Flint_Social_Water.Bottle_Watermark.jpgBrave New Films is at it again. The activist progressive media effort, known for promoting progressive changes and amplifying voices and views generally ignored by mainstream media, is turning its lens toward Flint, Mich., and the country’s looming clean water crisis.

Potentially thousands of people — many of them children — could be affected negatively for the rest of their lives because of the chicanery and lack of caring of their governmental representatives. High on the list of inhumanity are Michigan Gov. Rick Snyder and other state and city officials who, in the interest of saving money (and just not giving a damn about the little people) switched Flint’s drinking water supply to the heavily polluted Flint River, which contaminated the city’s water system with high doses of  lead. They did this in 2014 without notifying residents, who had no idea their water was poisoned for 18 months.

Lawsuits aplenty are being filed to hold the government accountable. So far, the system is busy passing the buck: On Tuesday, a federal judge in Detroit dismissed a class action lawsuit seeking $150 million in damages for the victims. U.S. District Judge John Corbett O’Meara ruled that he had no jurisdiction in the matter and that plaintiffs would have to file suit in state court. That ruling means other cases related to Flint’s water may be dismissed as well.

Brave New Films’ Make #PollutersPay site notes that while officials in Michigan (who made sure they had clean water to drink) refuse blame and while judges look for someone else to give redress to those impacted, the people of Flint have suffered terribly. “Residents have lost huge amounts of wealth from declining health, lost wages, decreased business, and tanked home values. We cannot sit by while politicians like Gov.

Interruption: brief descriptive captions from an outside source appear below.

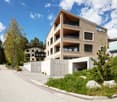 Modern multi-story building with large windows and balconies, surrounded by greenery and trees.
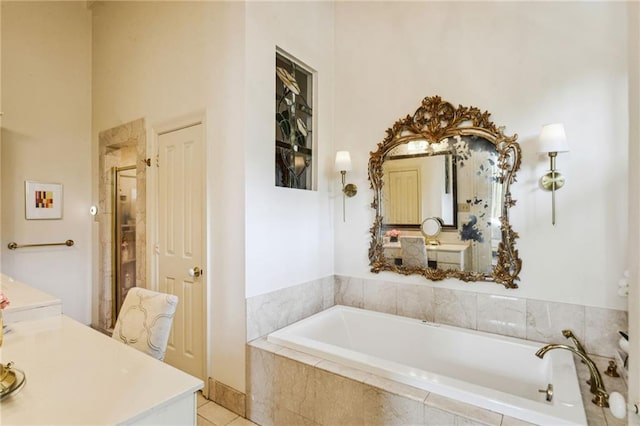 bathroom with plus walk in shower, vanity, and tile patterned floors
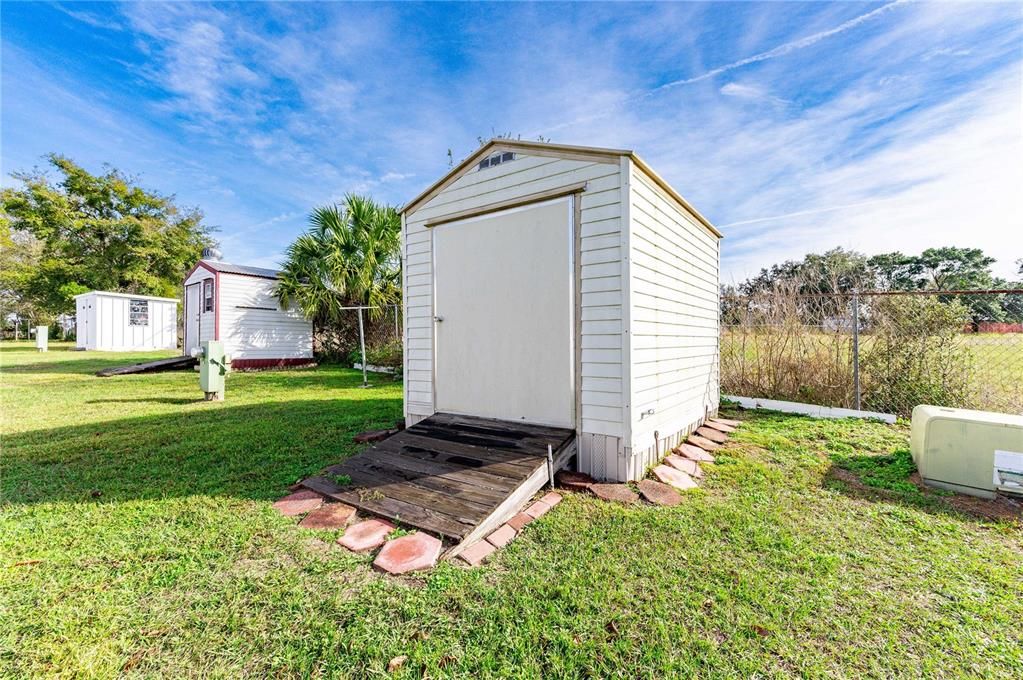 Two storage sheds located in backyard..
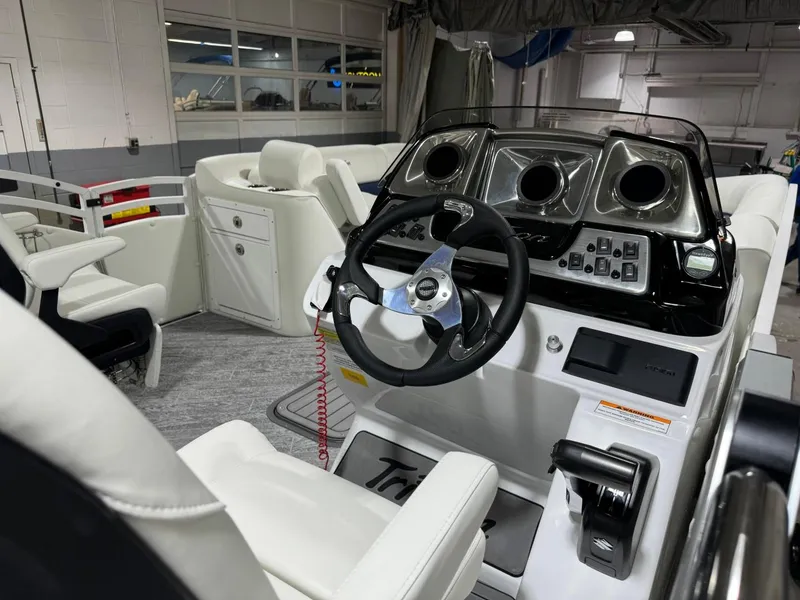 Slide: The Image of 2025 JC Swingback 25 TT boat interior with modern steering console and white seating. - 9
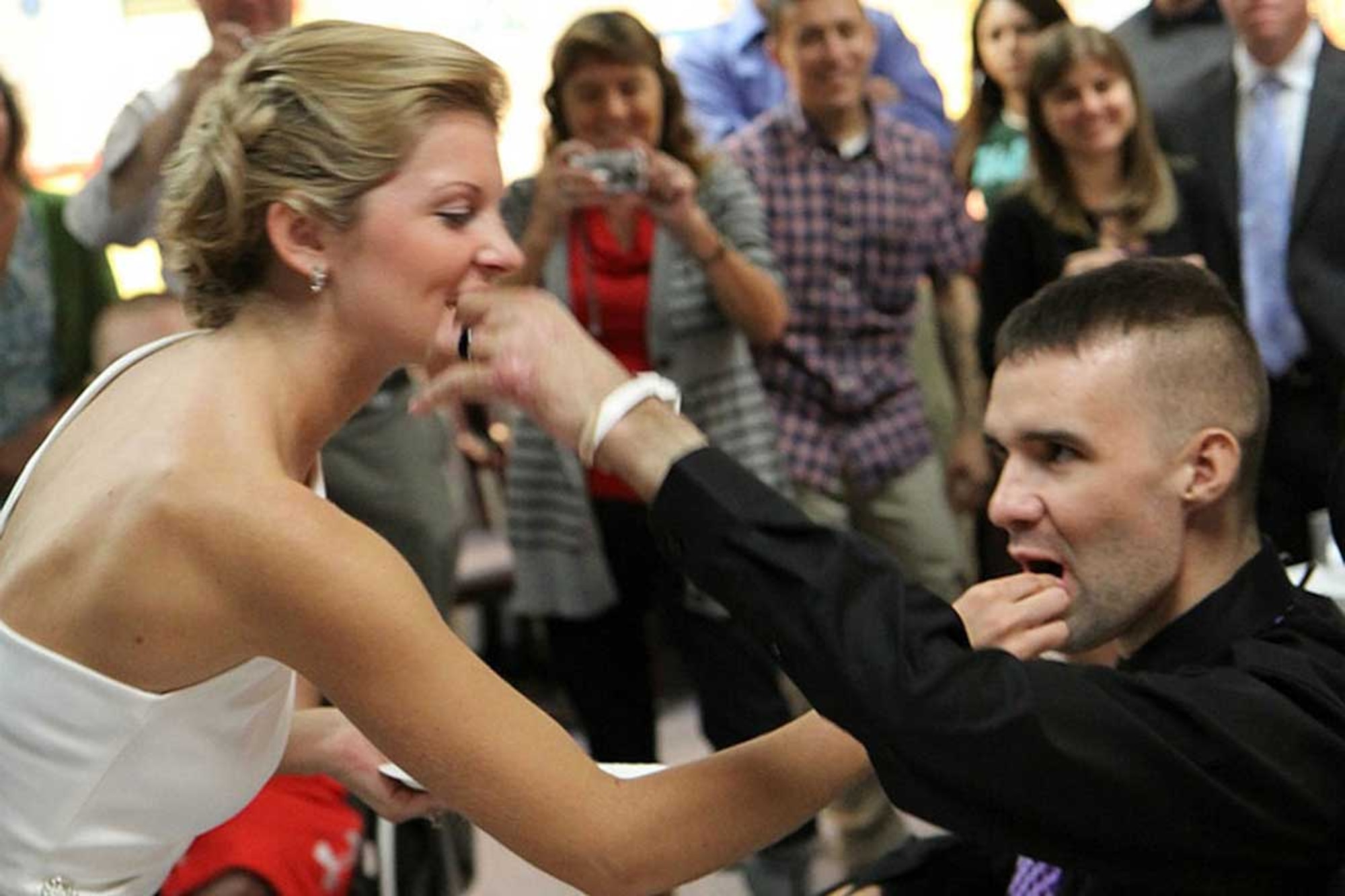 Dana and Sgt. Davin Dumar share in a bite of their wedding cake during Oct. 8 nuptials at Walter Reed Army Medical Center. (Courtesy photo)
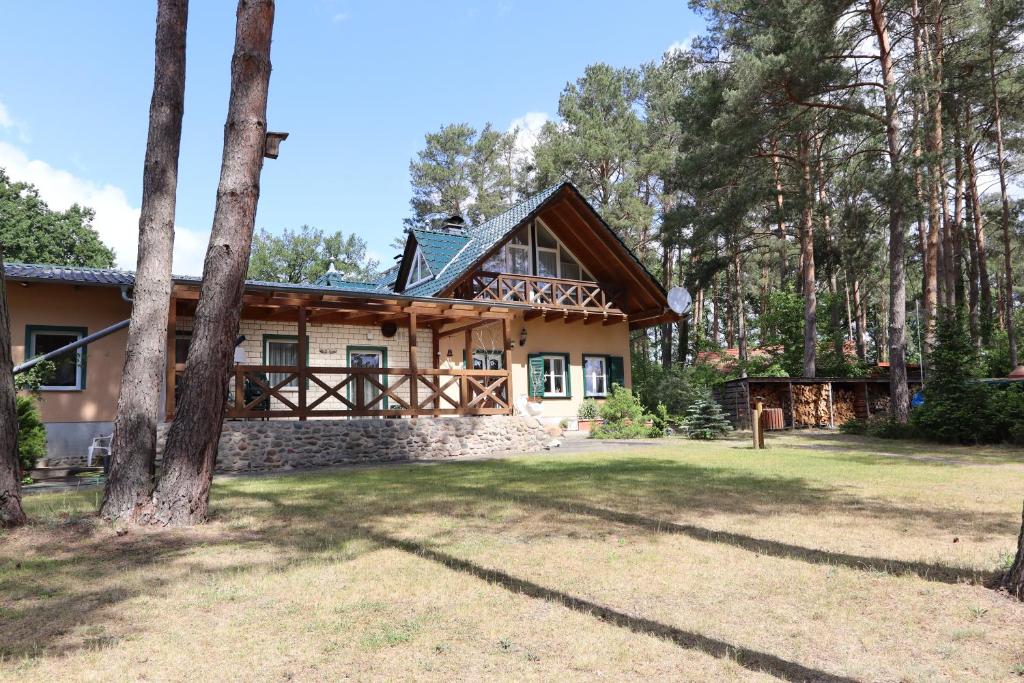 ein Haus im Wald mit Bäumen in der Unterkunft Ferienwohnung Habicht Villa-Pälitzsee in Großzerlang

Snyder allow communities like Flint to be the dumping ground for waste and a ground zero for environmental experiments.”

And that brings us to BNF’s new video.

Here’s what BNF has to say about its latest project and how it needs all of us to take action for good:

This is America in 2016.

Where families living in poor communities can go over a year and a half being poisoned by the water their city is providing them with.

But, this is also American in 2016, where communities are coming together to fight back and hold those in power accountable for this gross negligence.

Watch and share our latest video. We were on the ground in Flint with others – like Mark Ruffalo and Van Jones – who are as infuriated as we are about this happening in our very own cities. Don’t let the people of Flint – or any other city – go another 18 months without the most basic, vital resource of safe water. Join us today to demand that Governor Snyder and the others responsible #FixFlint!

I’ll leave you with one last thought as you ponder whether you should get busy and speak for the people of Flint. Environmental Protection Agency records show the problem of lead-contaminated water goes far beyond Michigan.

From USA Today, March 17, 2016:

An analysis of U.S. Environmental Protection Agency data showed about 350 schools and day-care centers failed lead tests a total of about 470 times from 2012 through 2015.

That represents nearly 20 percent of the water systems nationally testing above the agency’s “action level” of 15 parts per billion.

One water sample at a Maine elementary school was 41 times higher while another at a Pennsylvania preschool was 14 times higher. And a sink in a music-room bathroom at Caroline Elementary tested this year at 5,000 ppb of lead, results released by the school system show.

That’s the cutoff where the EPA labels a substance “hazardous waste.”

The report goes on to say that officials can’t even tell you how widespread the problem is.

…[A]t this point it’s impossible to know how big because the federal government requires only about 10 percent of the nation’s schools and a tiny fraction of day cares — the 8,225 facilities that run their own water systems — to test for lead at all.

The EPA estimates that about 90,000 public schools and half a million child-care facilities are not regulated under the Safe Drinking Water Act because they depend on water sources such as municipal utilities expected to test their own water. That means parents have no assurance lead isn’t seeping into children’s water from a school building’s pipes, solder or fixtures.

Watch and share Brave New Films’ video. Demand officials in Michigan #FixFlint. And do some research into the quality of drinking water in your own hometown — before you take a shower or fill your child’s sippy cup.